The Tories are rattled: by quibbling Reform’s card carrier numbers on Thursday, Kemi Badenoch committed her first major unforced error. But you can see why they’re worried; as Conservative central office will well know, members means foot soldiers – the volunteers who campaign, drop leaflets, set up branch offices, and turn voter intentions into crosses at the ballot box. If Reform’s new members are prepared to buckle down to this, they are going to be a formidable force.
Momentum is with them, and it’s not difficult to see why. To paraphrase Lenin, worse is better for insurgents, and our economic backdrop stinks. The Office for Budget Responsibility’s latest Fiscal Risks and Sustainability report has the national debt on track to reach 274 per cent of GDP in 50 years’ time, with public spending hoovering up 60 per cent of national output.
A lot can happen in half a century, but the current path is unsustainable. In some regions, we’re past the point where despair and exhaustion set in. Entire communities have been “left behind”, with residents stuck in dead-end minimum-wage jobs or eking out a soul-destroying existence on welfare; once-pleasant neighbourhoods fall prey to drugs and vandalism. Stagnating living standards and rising squalor beget declining confidence in conventional politicians, whose concerns and squabbles seem far removed from those of ordinary people. The public is less tribal than ever; and Reform is addressing folk in a language they understand.
Nigel Farage has accurately identified the two greatest barriers to our long-term prosperity, both inflicted on Britain by clueless politicians who have lost sight of the national interest. By demanding we scrap the net zero target, Reform is speaking to the millions of Britons perturbed that costs keep surging despite promises to the contrary. Last week it was the “grocery tax”; before that, the revival of the “boiler tax”, EV quotas pushing up the costs of petrol vehicles, green levies on energy bills, extra taxes on flights.

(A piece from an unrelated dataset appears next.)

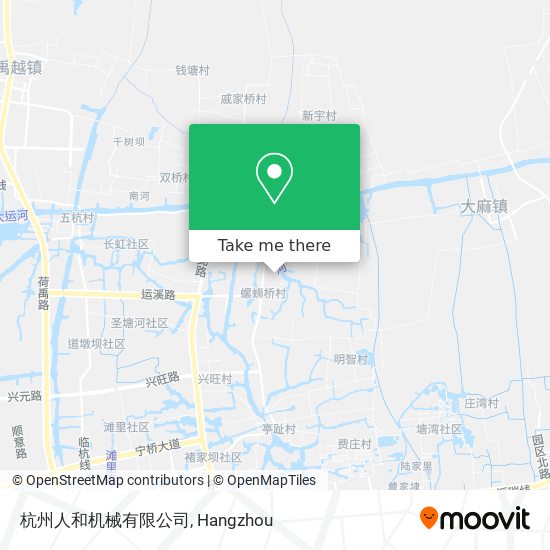杭州人和机械有限公司 map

If wind and solar are cheaper than gas, people are asking, why subsidise them? Why have UK electricity prices increased nearly every year since we began the switch to renewables?
The Tories boxed themselves into this corner and haven’t quite found a way to talk themselves out; Labour’s net zero policy is in the hands of a credulously fanatical believer in the cult of climate alarmism who wants us to go ever further, faster. For Farage, there is a third way: scrap the target. Put North Sea oil and gas – and the tens of thousands of jobs it provides – front and centre. Preserve our car industry. Grow food, not solar panels.
But it is immigration which is Farage’s strongest sell. With numbers arriving averaging 1.1 million over the past three years there is no better time for Reform to play to fears that we are not being told the whole truth – and that the status quo is a preface to something much worse, with decades of ever-greater transformation of the country stretching ahead. This was the year the national conversation shifted.
We began to talk about how mass migration is outpacing our ability to build infrastructure, making us all poorer. Forget GDP, what about GDP per head? Asking questions about the composition of migrants, rather than overall numbers, has ceased to be taboo. Reform MPs are raising concerns many have long been afraid to.
The Tories spent 14 years letting voters down on immigration. “Look at what the hands are doing, not what the mouth is saying,” Reform tells us, not unreasonably. And Keir Starmer has blocked his ears to the problem, deciding not to include immigration among his six milestones at Labour’s recent relaunch. Meanwhile Yvette Cooper’s gangbusting is hardly going, well, gangbusters.
It is these two issues which have propelled Reform into the mainstream. Populism is a rejection of the just-leave-it-to-us technocratic ideology, and nothing screams technocracy louder than outsourcing climate change decisions to quangocrats or detaching immigration policy from anything resembling a democratic process.
And at its helm, Reform has a talented orator and gifted campaigner. Farage passes the pint test, and is chummy with both the president-elect and the world’s richest man. He has a far more extensive social media reach than his rivals – as he gleefully reminded Badenoch this week. Like Donald Trump, though on a more modest scale, he has an established fan base.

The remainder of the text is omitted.